**WHAT YOU WILL DO**
Your job is to print, exactly, the lines in the data below from the line with "Foto de Casa" through the line with "Spiral wall in Botanic Gardens.", both included, and to omit any picture.

**LISTED RECORDS**
Start of Block

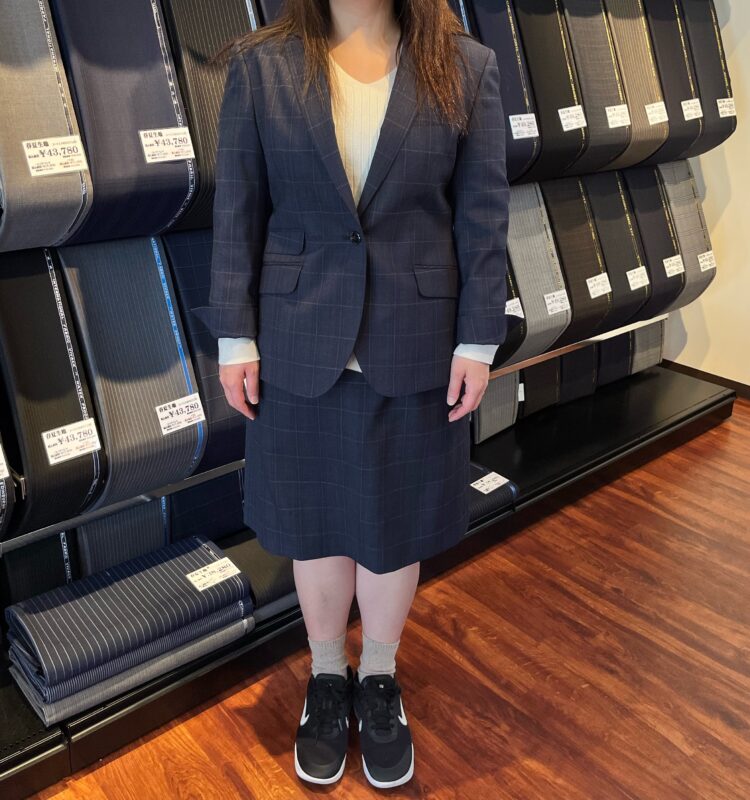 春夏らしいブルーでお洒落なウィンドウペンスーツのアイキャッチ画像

End of Block
Start of Block

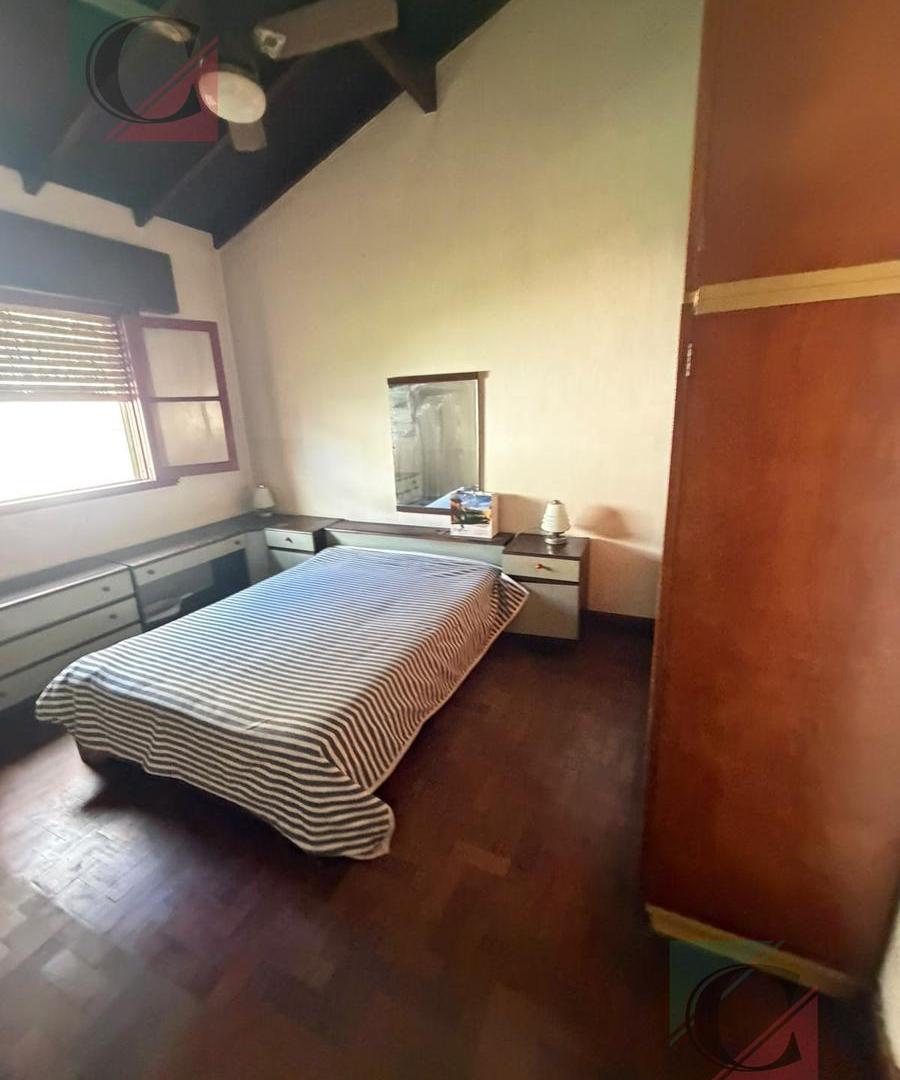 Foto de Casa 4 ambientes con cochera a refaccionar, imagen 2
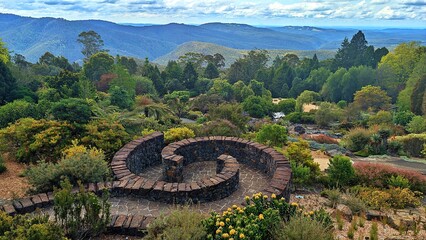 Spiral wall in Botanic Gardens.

End of Block
Start of Block

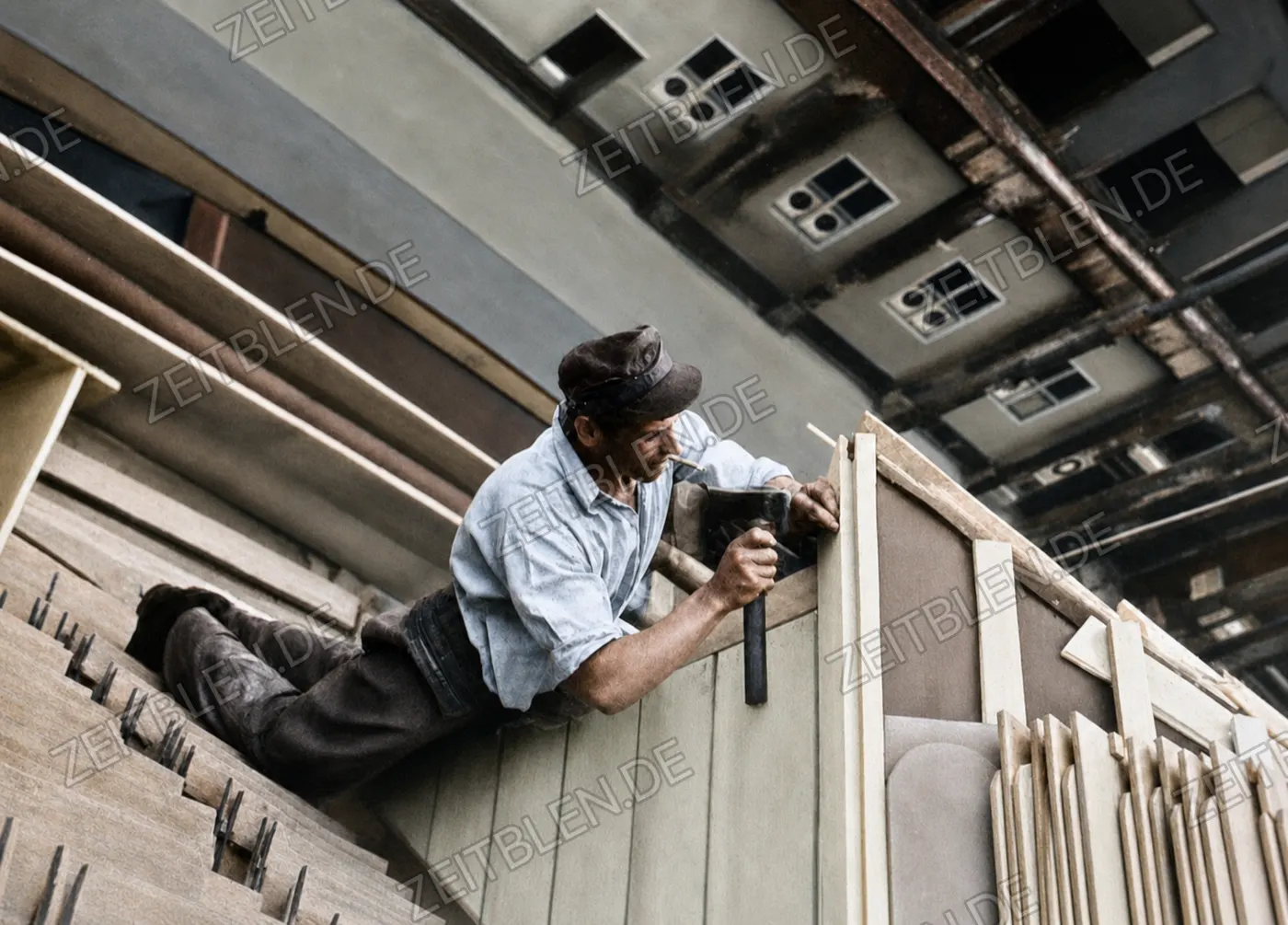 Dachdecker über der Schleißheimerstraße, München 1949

End of Block

**SOLUTION FOR THIS TASK**
 Foto de Casa 4 ambientes con cochera a refaccionar, imagen 2
 Spiral wall in Botanic Gardens.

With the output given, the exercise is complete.